Ben Howlett made his living as an offensive sparkplug for the West Liberty University men's basketball team.
Now the former Marietta High School standout wants to give back and teach his tricks of the trade to the next generation of players.
Heading into his second full year as director of the Hilltopper Basketball Camp in West Liberty, W.Va., Howlett brings in a staff which consists of current members of the WLU program. The camp runs from July 22-25 and Howlett encourages anyone entering grades 5-12 looking to develop their offensive skills to register.
"I think so many camps are ran the same way and kids don't get much out of it," said Howlett, who serves as an assistant to WLU head coach Jim Crutchfield. "We concentrate on one thing. I coach the same way we coach the guys here at West Liberty. We get them to do the same exact drills.
"A lot of times, camps are not real intense. We like high intensity with our practices and we have that at the camp as well."
Howlett is hoping to lure prospects from the Mid-Ohio Valley as part of his camper base - the same area where he lit up the scoreboard with his outside shooting as a member of the Marietta Tigers. The 2005 MHS graduate still holds school records for most points in a career, in a season and for one game.
He still remembers the 48-point performance against Tyler Consolidated, but living in the past is not his focus. One of his top priorities is someday landing a head coaching position in the college ranks.
What better individual to learn from than Crutchfield, who recently won the West Virginia Sportswriters Association's College Coach of the Year award after leading the Hilltoppers to their second consecutive 30-win season and back-to-back NCAA Division II Atlantic Region championships.
"Coach Crutchfield actually had a vision when he first took the job that people probably thought he was nuts to play this much up-tempo and this fast," Howlett said. "But it's done nothing but good things. It's a fun program to play in and as a player they were the best four years of my life."
WLU has taken scoring to another level - averaging more than 97 points per game the past seven seasons. Howlett noted that the program gets labeled for not being defensive-minded, but that is far from the truth.
"We get that reputation of being a run-and-gun team, but we do guard and emphasize defense," Howlett said.
As a player, Howlett thrived in the Hilltopper system. After averaging 20.1 ppg as a junior, he emerged as the fourth-leading Division II scorer in the nation (23.0 ppg) as a senior and ranked among the top 20 nationally in field-goal percentage at 61.1 percent.
Howlett finished his career ranked No. 11 on WLU's career scoring list with 1,663 points and No. 2 all-time at the school in field-goal percentage at 58.9. He said none of that would have been possible without a strong work ethic.

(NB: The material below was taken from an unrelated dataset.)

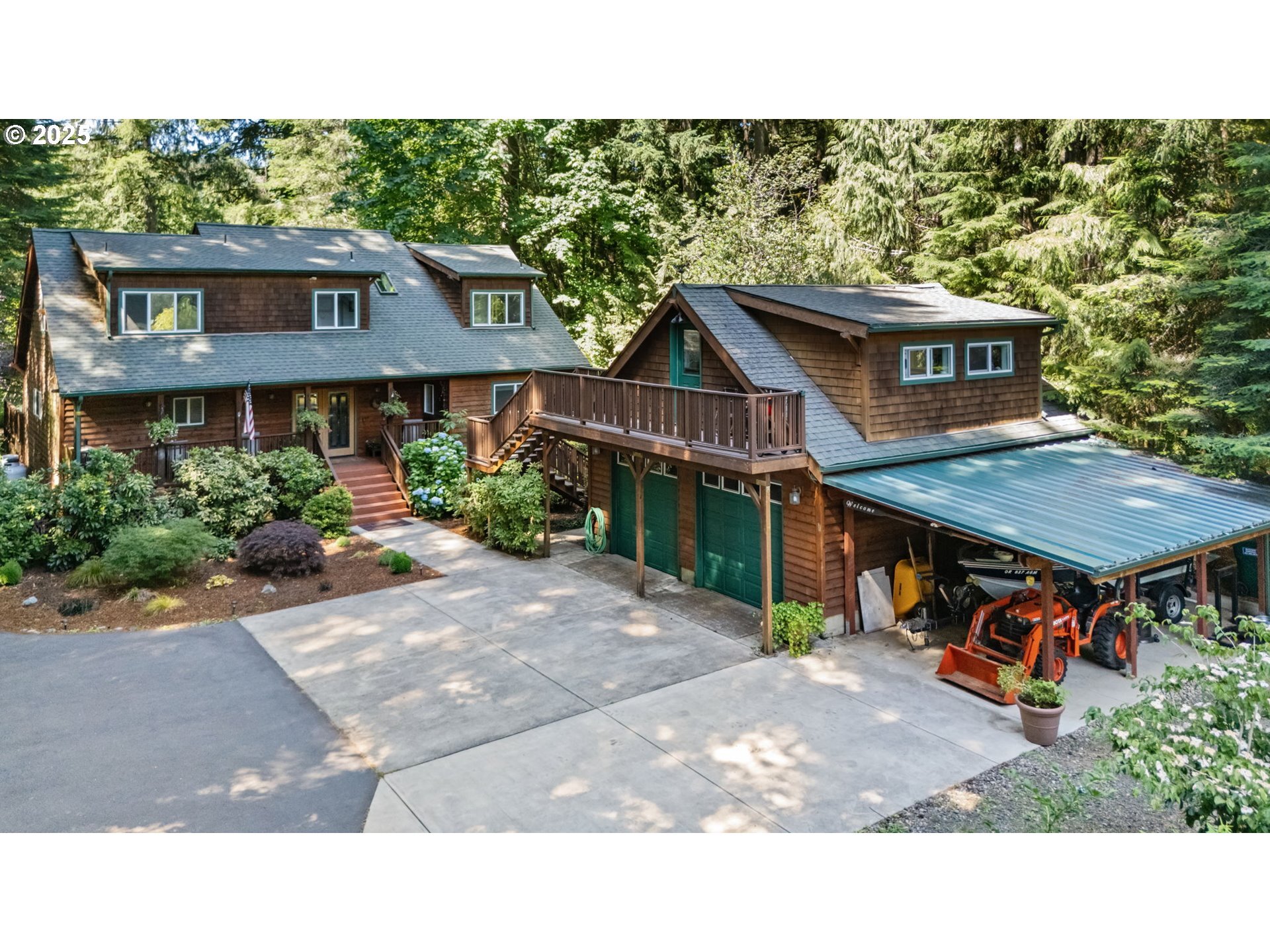 Property Photo: 42871 Deerhorn Rd OR 97478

Following his senior year of college basketball, Howlett entertained thoughts of playing internationally after receiving offers from professional teams based in Latvia and several other European countries. Instead, he decided to remain on staff with Crutchfield as a student assistant.
Howlett later spent one season as an assistant with Ohio Valley University and head coach Mike Snell before returning to WLU.

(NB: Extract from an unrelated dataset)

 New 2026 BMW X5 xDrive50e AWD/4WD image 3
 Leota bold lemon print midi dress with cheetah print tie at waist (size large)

"I was close to doing it (playing overseas)," Howlett admitted. "I wanted to do it, but I took another year to graduate and I didn't want to go overseas without having my degree. I guess it all worked out in the end."
Howlett insists he can still shoot the rock. As a matter of fact, whenever the WLU scout team is short a player Howlett is called upon to fill in and lace up the sneakers.
"It's still something I love to do," he said.
Howlett, who is the son of Paul and Margo Howlett, now calls West Liberty his second home. An ideal location considering Morgantown is a short distance away.
"My dad went to West Virginia University and I grew up going to basketball and football games," Howlett said. "I've been a big WVU fan my whole life."
For the time being, Howlett is preparing for his camp, which will rival the same number produced by the WLU offense.
"I'm looking to get around 100 kids," Howlett said. "With some of these camps, there are so many breaks - but with ours, they will be playing a lot of basketball."